Ce document n’est nullement « confidentiel » puisqu’il a été rendu public dès juillet 2011, et présenté à plusieurs reprises sur divers sites. Il s’agit d’un exercice d’étudiants réalisés dans le cadre de leur scolarité à l’Ecole de Guerre Economique. Il est vrai qu’ à première vue le document pouvait prêter à confusion, les mentions indiquant son caractère fictif n’étant pas explicitement incluses, mais précisées dans les articles en faisant la promotion. Chacun ne devrait-il pas s’interroger sur les documents disponibles sur Internet, et ne pas les accepter de facto sans aucune critique ?
Pascal Hérard, auteur de l’article, également journaliste sur TV5 Monde, n’a pas visiblement pas pris le temps de vérifier le document (sa véracité, sa provenance…) en effectuant des recherches complémentaires, ni même en contactant les auteurs.
Il a publié son article sans recoupement, en s’appuyant sur une interprétation erronée du document. Après lecture de son article, nous avons immédiatement prévenu l’auteur via les commentaires du site en lui indiquant sa mauvaise interprétation, et lui demandant de rectifier son article en connaissance de cause.
Ce document permet d'apprendre, sans prendre parti, comment utiliser des moyens d'influence de l'information. ».
Enfin, ses réponses (aujourd’hui supprimées) aux commentaires des internautes qui mettaient en doute la légitimité du raisonnement de son article étaient des plus sarcastiques. Il en va de même sur Twitter, support sur lequel il cherche à diffuser sa thèse de la manipulation.
Twitter : Propagation, déformation, manipulation
Il faut reconnaître que l’article « scoop - polémique » a atteint ses objectifs en termes de propagation sur Internet. Rapidement son article est retweeté plus d’une 100e de fois, principalement relayé par des comptes affiliés aux milieux écologistes et libertaires.
Force est de constater que peu de comptes ont pris le temps de lire l’article pour le critiquer ni prendre du recul. Pire encore, le message initial se déforme progressivement au fil de la diffusion, et des « influenceurs » (par ailleurs enseignants en journalisme ou encore à Sciences-Po…) reprennent l’information telle quelle sans l’analyser.
Certains comptes Twitter interpellent directement des media classiques, des personnalités politiques, et cherchent même à internationaliser cette polémique en traduisant les tweets en anglais. Le tweet d’un des auteurs de l’étude n’empêche pas la rumeur de continuer à se propager.
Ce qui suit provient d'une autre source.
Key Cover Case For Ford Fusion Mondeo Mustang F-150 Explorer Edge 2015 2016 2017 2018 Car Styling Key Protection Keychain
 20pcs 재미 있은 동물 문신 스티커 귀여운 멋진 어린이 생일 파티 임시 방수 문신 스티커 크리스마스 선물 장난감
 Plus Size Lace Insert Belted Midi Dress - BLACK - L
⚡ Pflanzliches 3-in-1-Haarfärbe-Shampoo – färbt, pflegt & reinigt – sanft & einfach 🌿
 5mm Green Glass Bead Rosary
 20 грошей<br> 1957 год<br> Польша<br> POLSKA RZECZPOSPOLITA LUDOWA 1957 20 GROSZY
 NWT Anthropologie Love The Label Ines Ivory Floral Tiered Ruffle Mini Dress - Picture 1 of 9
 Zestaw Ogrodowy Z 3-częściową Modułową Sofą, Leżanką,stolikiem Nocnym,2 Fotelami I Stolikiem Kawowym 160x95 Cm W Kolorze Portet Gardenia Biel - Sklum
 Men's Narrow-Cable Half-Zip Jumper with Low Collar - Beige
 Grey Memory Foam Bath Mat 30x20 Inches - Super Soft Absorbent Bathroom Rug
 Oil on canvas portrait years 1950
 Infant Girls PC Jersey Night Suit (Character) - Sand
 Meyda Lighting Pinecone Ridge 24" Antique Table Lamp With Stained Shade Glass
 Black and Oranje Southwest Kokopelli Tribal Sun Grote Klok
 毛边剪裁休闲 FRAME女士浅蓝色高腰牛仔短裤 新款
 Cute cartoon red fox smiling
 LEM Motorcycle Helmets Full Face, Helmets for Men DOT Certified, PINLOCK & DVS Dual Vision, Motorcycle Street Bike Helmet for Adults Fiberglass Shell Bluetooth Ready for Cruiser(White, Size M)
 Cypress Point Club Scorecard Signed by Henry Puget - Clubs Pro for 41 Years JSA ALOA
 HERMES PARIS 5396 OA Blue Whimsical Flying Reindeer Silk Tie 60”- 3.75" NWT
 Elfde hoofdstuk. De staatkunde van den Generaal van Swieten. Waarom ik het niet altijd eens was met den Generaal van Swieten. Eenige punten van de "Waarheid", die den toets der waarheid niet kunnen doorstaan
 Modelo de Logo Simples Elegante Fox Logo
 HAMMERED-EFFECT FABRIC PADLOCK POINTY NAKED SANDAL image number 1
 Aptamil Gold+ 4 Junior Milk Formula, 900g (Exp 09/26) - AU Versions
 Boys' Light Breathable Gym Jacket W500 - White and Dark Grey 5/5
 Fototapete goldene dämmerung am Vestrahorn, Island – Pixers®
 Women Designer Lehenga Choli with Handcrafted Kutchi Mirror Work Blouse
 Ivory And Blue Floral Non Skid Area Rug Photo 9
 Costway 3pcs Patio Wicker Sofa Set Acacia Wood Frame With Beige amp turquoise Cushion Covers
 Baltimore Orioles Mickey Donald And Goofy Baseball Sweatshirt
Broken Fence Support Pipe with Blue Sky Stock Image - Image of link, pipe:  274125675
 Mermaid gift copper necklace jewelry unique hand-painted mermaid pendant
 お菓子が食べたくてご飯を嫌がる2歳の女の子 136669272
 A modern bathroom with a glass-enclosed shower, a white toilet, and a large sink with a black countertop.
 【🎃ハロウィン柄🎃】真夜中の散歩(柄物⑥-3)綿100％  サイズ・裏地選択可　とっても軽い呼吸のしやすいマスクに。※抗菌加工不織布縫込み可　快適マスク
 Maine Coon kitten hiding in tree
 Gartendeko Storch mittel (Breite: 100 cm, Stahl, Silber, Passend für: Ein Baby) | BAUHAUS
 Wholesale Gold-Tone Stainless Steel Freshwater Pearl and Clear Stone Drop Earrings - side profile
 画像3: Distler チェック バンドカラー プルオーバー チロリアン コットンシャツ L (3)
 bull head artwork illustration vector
Marc Préel, journaliste de l’AFP spécialisé « Green Business / Energy », prend rapidement connaissance de cette histoire, et rentre en contact avec l’AEGE pour lever les doutes et faire la lumière sur le dossier. Il a préalablement contacté Total qui dément être commanditaire, ce que confirme l’AEGE. Un travail de journaliste qui vérifie simplement ses sources avant de publier. Une évidence qui semble ne pas s’imposer à tous… Ce journaliste tweete pour mettre fin à la rumeur qui enfle. Fin de l’histoire ? Nous en sommes loin…
Grand mal lui a pris de contredire le buzz ascendant, il est directement mis en cause, ainsi que l’AFP, taxés de pro gaz de schiste. Fabrice Epelboin, entrepreneur et enseignant à Sciences Po, utilise un procédé d’amalgame classique pour remettre en cause son intégrité professionnelle.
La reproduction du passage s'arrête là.